Jewish gastronomy collective The Wandering Chew hosts a Mimouna, a traditional Moroccan dinner to celebrate the end of Passover. Hosted on Zoom, participants will get to jump between different rooms: music, storytelling and a cooking workshop to craft the traditional mufleta, a sweet pancake. Sunday, 8pm.
Consider checking out a museum, now that they are open to the public: you pick your entry time in advance, so visits are socially distanced. Demand is high as well, so you will want to select your date in advance. Visit the McCord for the Dior haute couture show (today is the anniversary of the debut of the New Look!) or the MAC for Des horizons d'attente, its bundle of recently acquired works that address today's sense of malaise. The Museum of Fine Arts presents Riopelle: The Call of Northern Landscapes and other shows.

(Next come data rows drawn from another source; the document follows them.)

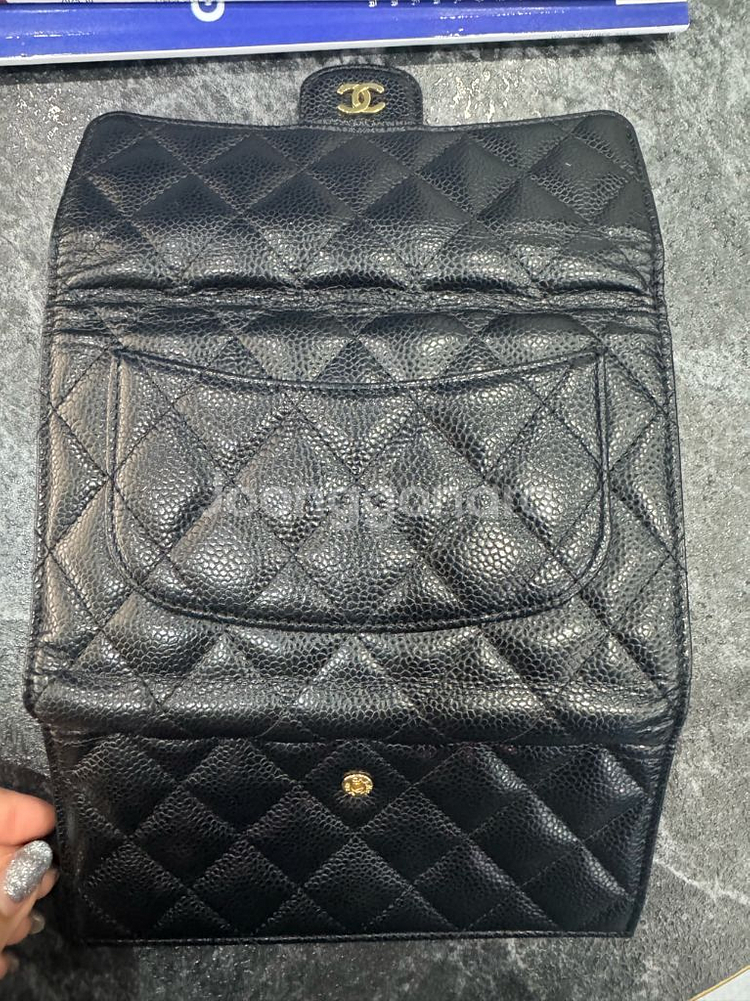 샤넬 캐비어 레더 금장 장지갑--4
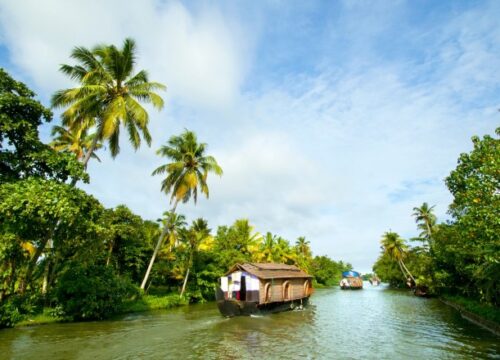 ESSENCE OF KERALA TOUR PACKAGE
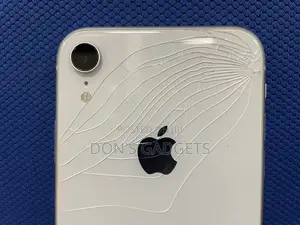 Apple iPhone XR 64 GB White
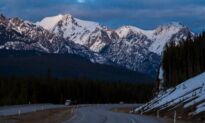 Alberta Premier Suggests Hydrogen-Powered Train Between Banff and Calgary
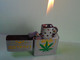 BRIQUET LEGALIZE LIGHTER Feuerzeug ENCENDEDOR ACCENDINO AANSTEKER 打火机 Léttari ライター - Autres & Non Classés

A quarter of a million Montrealers count themselves as having roots from Italy. Now, Pointe-a-Calliere Museum is profiling the community and how it has shaped the city in a new show called Italian Montréal. Drawing on loaned treasures from local families, the show touches on culinary traditions and how first-generation families fared after arriving in the city. And you can also check out Pointe-a-Calliere's train-themed show, A Railroad to Dreams.
And if you don't want to leave the house, several museums are still offering virtual shows... including the MAC, which has updated and expanded their sensational exhibit on Leonard Cohen, A Crack in Everything. Cohen gave his bliessing for the show, which features pieces inspired by his life and work, back in 2015, and it went on display around the time of passing in 2017. The show has been enriched for online viewing, available until February 2024.
At the movies: Godzilla vs. Kong features a dust-up between a giant gorilla and a giant lizard. In Netflix's Concrete Cowboy, Idris Elba raises his troubled son (Caleb McLaughlin of Stranger Things) in the gritty cowboy subculture of Philadelphia.
Demi Lovato went from a child performer on Barney & Friends, to Disney Channel starlet to pop icon, but there were more than a few cracks along the way. After a harrowing fall from sobriety and an overdose that nearly took her life, as well as family troubles and mental health struggles, Lovato bares all in a new documentary. Several instalments of Demi Lovato: Dancing with the Devil are on YouTube, with episode one is here.
I started watching Little Birds, an adaptation of one of Anais Nin's books, on Prime. A debutante moves to Tangier to marry a British diplomat. We meet all sorts of characters from all stratas of society, with the backdrop of brewing rebellion in Morocco. It's a sexy and funny show, saturated with colour and gorgeous costumes. I'm also rewatching kooky family sitcom Arrested Development (rest in peace, Jessica Walter)
And a new documentary promises to change the way you see dogs: Stray is a documentary that brings you down to the level of three stray dogs as they go about their lives in Istanbul. It's a remarkable look at how dogs communicate and organize, even go on adventures.